Aklınca oradan kendine siyasi malzeme çıkarmaya kalkmış...
Ki (4) Bakanla ilgili olarak, Cumhuriyet tarihinin en büyük Yolsuzluk ve Usulsüzlük dosyalarının Mecliste görüşüldüğü günlerde oluyor bu dediğim…
Neyse…
Onun bu sözleri için, Nuray Kocer’in bu konuda kendisini yetkilendirip yetkilendirmediğini de bilemiyorum…
Bildiğim Sayın başkan bu sözleri ile aklınca MHP İlçe Başkanını değersizleştiriyor ve hedefteki kişi ve kurumu etkisizleştirdiğini zannediyor…
Halk arasında buna "Cin olmadan şeytan çarpmak” derler…
Ne dersiniz… Yanılıyor muyum!?
ÇOK ÖNEMLİ UYARI
Etrafı yeni bir TORBA YASA söylentisi sardı…
Her gün, Torbanın içine gireceklerin sayısı artmakta olduğu söyleniyor...
Bu torbaya öncelikle girmesi gereken bir sorun var.
"ECRİMİSİL ve TAPU” sorunu…
Bu TAPU ve ECRİMİSİL meselesinin, yalnız Kocaeli ve İstanbul’da kaldığını biliyorum…
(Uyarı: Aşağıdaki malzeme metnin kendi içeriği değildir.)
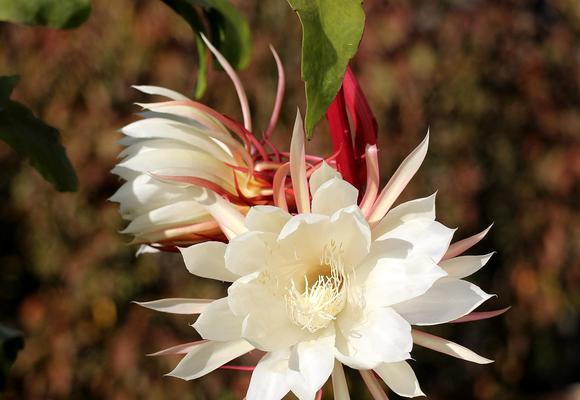 以昙花寓意生肖的奥秘（究竟哪个生肖最能与昙花相得益彰）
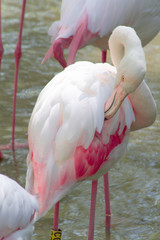 flamant rose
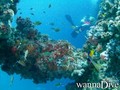 scuba diving photo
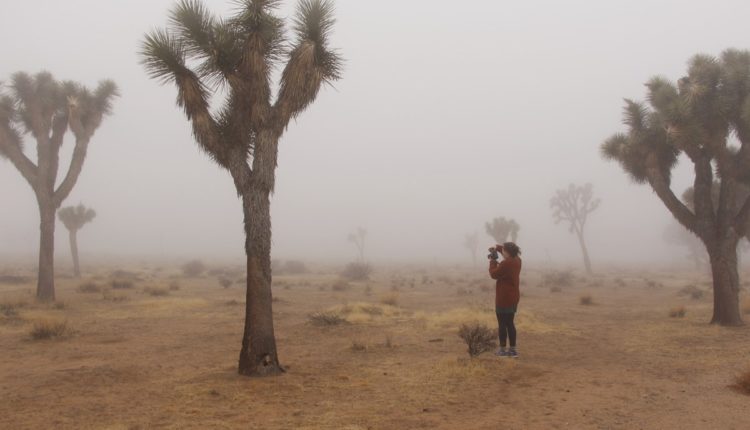 joshua tree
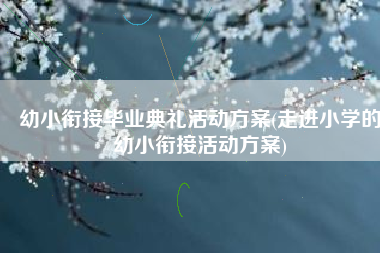 幼小衔接毕业典礼活动方案(走进小学的幼小衔接活动方案)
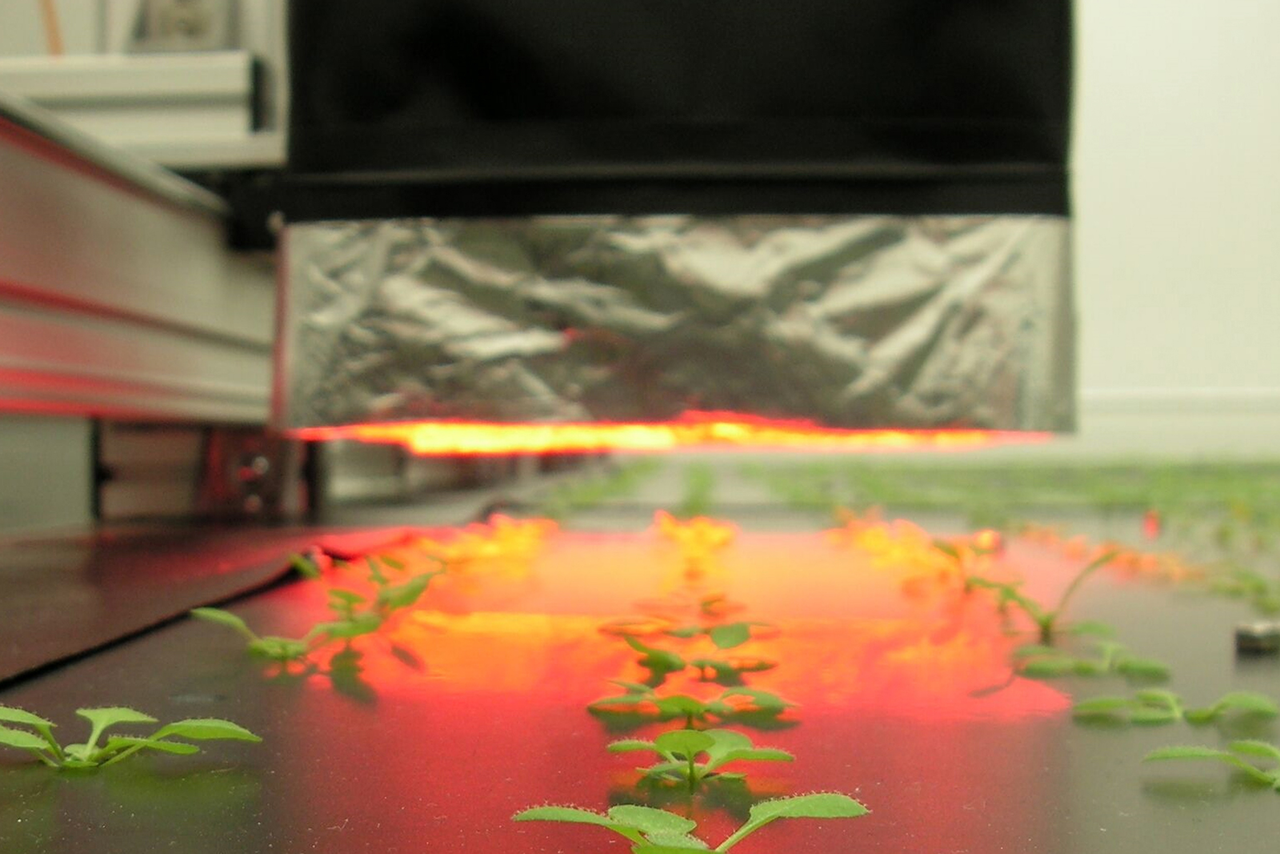 De nieuwe fotosynthese-meettechniek van Wageningen UR. Foto: WUR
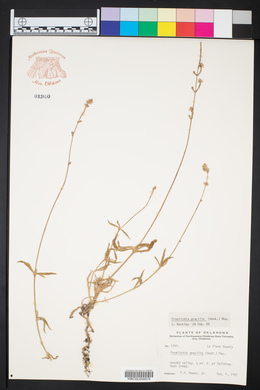 Froelichia gracilis image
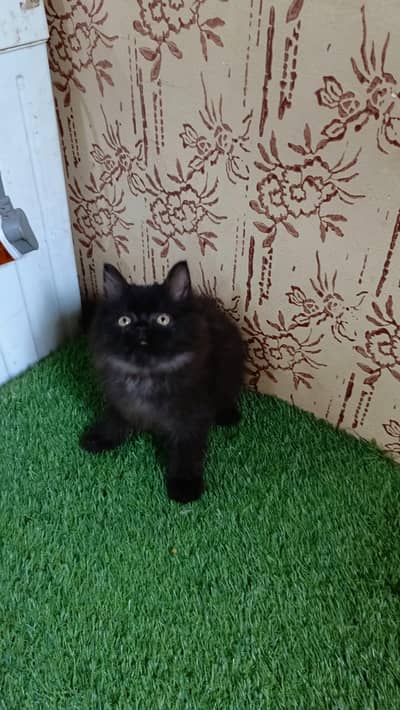 Jutt Black Persian kitten(Triple Coated) (Cash on Delivery)(Karachi)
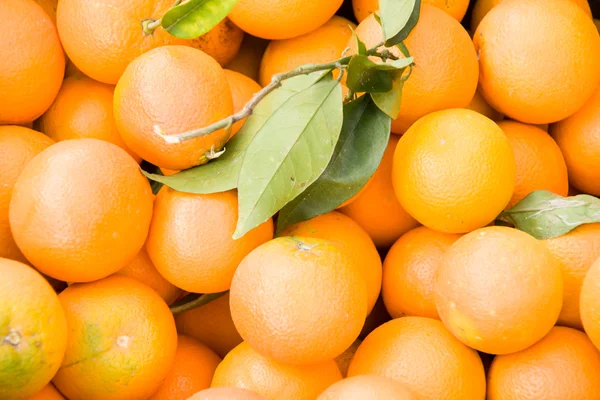 Naranjas — Foto de Stock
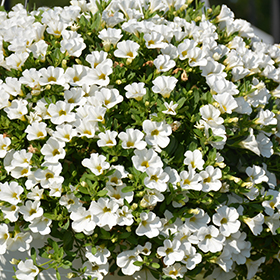 Superbells White Calibrachoa (Calibrachoa 'Balcal14141') in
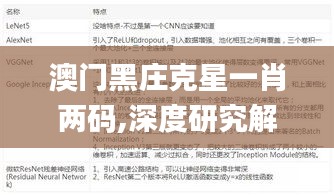 澳门黑庄克星一肖两码,深度研究解析说明_Z6.608
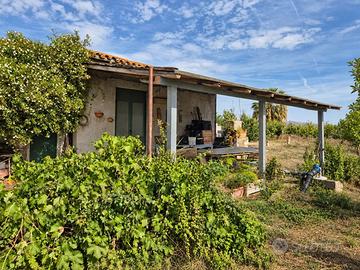 Terreno con fabbricato via delle Zagare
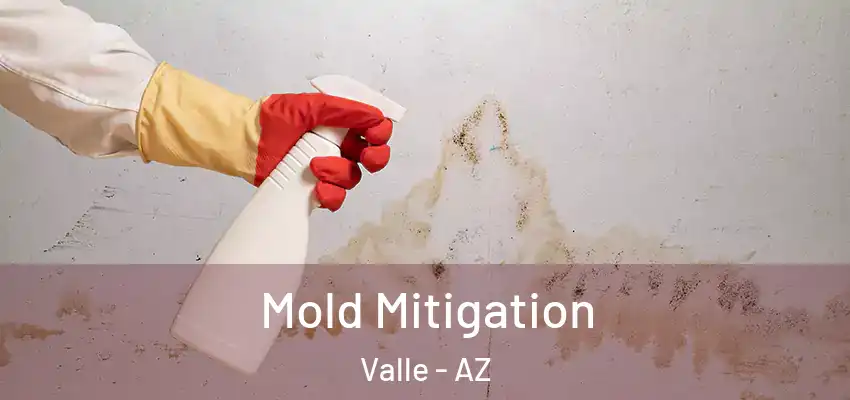  Mold Mitigation Valle - AZ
Ve bildiğim kadarıyla çözümü "Atla deve değil” daha önce çıkan yasal düzenlemelere "bir cümle ilave” edilecek o kadar…
BİR GÖZLEM
Esnaf Odası Başkanı Nuray Koçer’e de lafın olacak…
Esnaf Odası seçimleri yapılalı çok olmadı ama az da değil…
Evet… Esnaf Odası başkanı Nuray Koçer…
Adayların içinde en çalışkan, en güven veren ve Esnaf için, imkânlar çerçevesinde en iyisini yapabilecek biri, diye umut bağlanan kişiydi...
Demem… Nuray Koçer, Esnaf Odası Seçimlerinde, Oda’nın çok üzerinde umutlar verdi. Çıtayı çok yükseltti. Şimdi de onun sıkıntısını çekiyor…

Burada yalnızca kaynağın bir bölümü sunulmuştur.